> _HOW TO COMPLETE THIS TASK_
Without the images, repeat every line of the listing verbatim.

> _DATA_

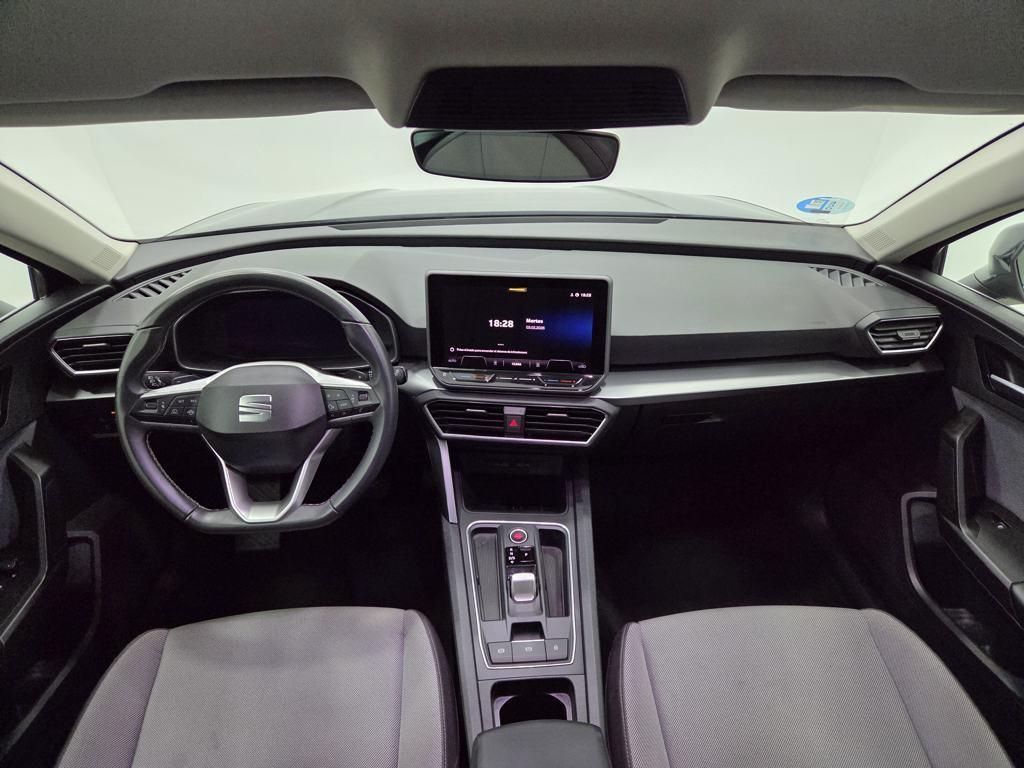 SEAT León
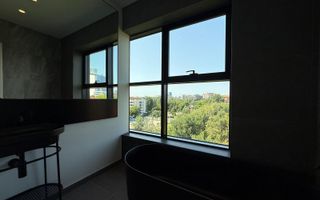 LOFT 4 rooms 200MP | terrace | Floreasca - Poză 9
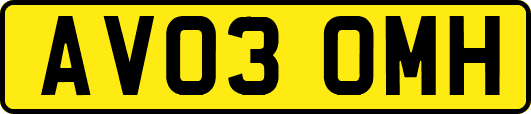 AV03OMH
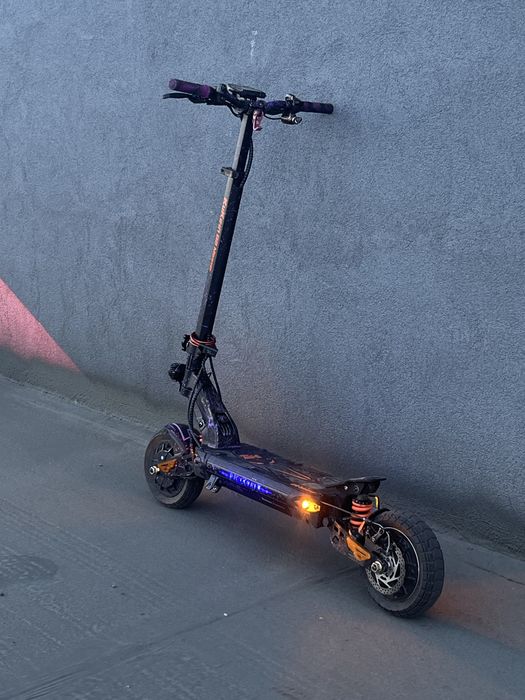 Kukirin g2 master
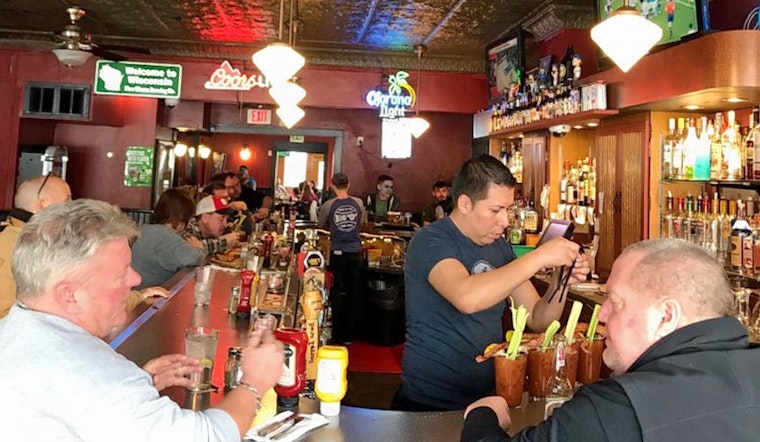 Milwaukee's 5 best pubs (that won't break the bank)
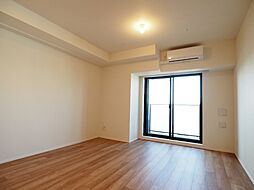 ドゥーエ三ノ輪I 1202 12階2LDKのリビング/ダイニング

> _OUTPUT BELOW_
 SEAT León
 LOFT 4 rooms 200MP | terrace | Floreasca - Poză 9
 AV03OMH
 Kukirin g2 master
 Milwaukee's 5 best pubs (that won't break the bank)
 ドゥーエ三ノ輪I 1202 12階2LDKのリビング/ダイニング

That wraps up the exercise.